That is, all you provide is a table of endpoints, with behaviors turned on or off, and some code that matches and does all of the heavy lifting. There would be some persistent, secure, configuration parameters as well that you might need to change occasionally.
To help people use it properly there is a set of known documented patterns for every possible scenario, you just have to follow the instructions.
It includes both REST endpoints, but also background executions (aka batch jobs, repeated or one-off). So it is everything, all in one well-organized place, completely put together so that the programmers can concentrate on what their code needs to do, not how to get it set up. It should be so easy that the programmers would dread doing it any other way.
It would have a facility to browse what is available, which would support security to restrict some of that information. If you were on a dev team, you could see what was running, when, and how often. You could get a list of the configuration parameters available, but not their current values. Basically, after an upgrade, you’d be able to verify that all the pieces were in all of the places that you expected. It would satisfy a lot of documentation requirements as well.
Another piece that would be good is solid data plumbing. I think in the past there were lots of excellent examples, but their price was so high that they were unaffordable most of the time. So the costs here would have to be reasonable.
You want a nice clean inventory screen that lists out all of the persistent data for the organization. Developers can browse. The permissions are easy to open up to match the business needs. The security requirements for the data are baked in. That is if a business unit can see some data, the developers for that unit can see the definitions for that data, its model, and examples. They may not be able to see the data itself though.
So, it is both the full inventory of all persistent data and the home of all documentation necessary to be able to use that data in development. It is not tied to vendors or specific tech stacks. So, it includes RDBMSes, NoSQL, file systems, and external references, such as APIs. Anything, anywhere that is persisted. If the organization gets or uses any form of data, even from the outside, it is included.
But the real strength is the third part: plumbing. It also contains the list of all internal jobs that move data from one place to another. It distinguishes between real-time and ETL. It holds all configurations and transformations needed to move all of the data around. From those lists, it explicitly does all of the scheduling and monitoring. You would be able to see all jobs that were executed over months or years, their status, and the number of times they were rerun. You’d know when they were last updated and by whom.
If a team needs some new data in their system, they can arrange and schedule it from here. It should be simple, and it should allow that plumbing to come up rapidly. It should also behave like a code repository and keep a list of all deltas made to its instructions and configurations and by whom it was made. Everything, so that it can be tested in one environment, then safely moved to another.

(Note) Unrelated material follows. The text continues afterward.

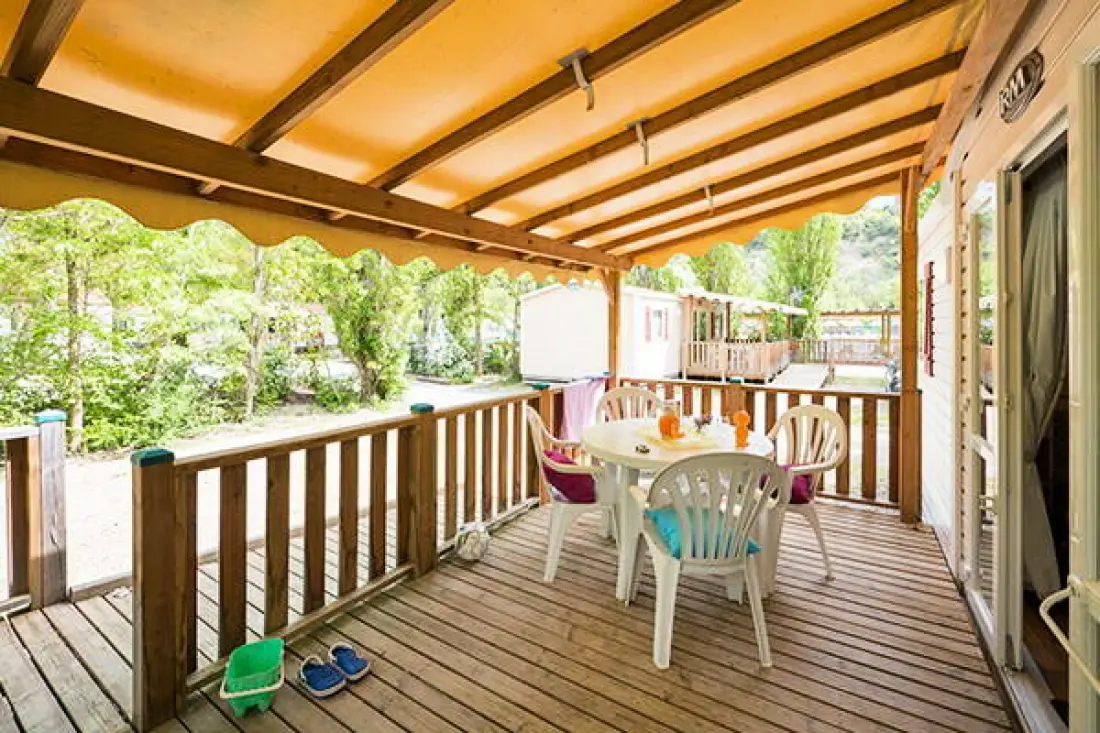 Campsite Le Domaine du Claris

In this way, we would know that a specific feed was changed months ago, know what those changes were, and know whether or not that made it work better or worse.
It can move data from outside to inside, from databases to files, and from primary dbs to read-only replicas. It is a complete inventory of all data and all the plumbing.
No longer would a system rely on its own custom ETL madness. This would organize all of it in one place.
The final piece is the ability to spin up simple interfaces, quickly.
A complex interface takes a long time to build and a lot of work, but most interfaces needed by most systems are fairly trivial. So, it should be possible to just whip them up quickly.
We can do this now, on two fronts.
The first is having frameworks that allow people to build “super” widgets. You can build them and use them alongside all of the regular widgets, you can design them to handle complex data. That is, you have a widget to display a complex composite type like user options. Then instead of just passing it a primitive variable, you give it your composite one. Everything else stays the same. Basically, it is analogous to adding composite types in a programming language but by adding super widgets to the gui.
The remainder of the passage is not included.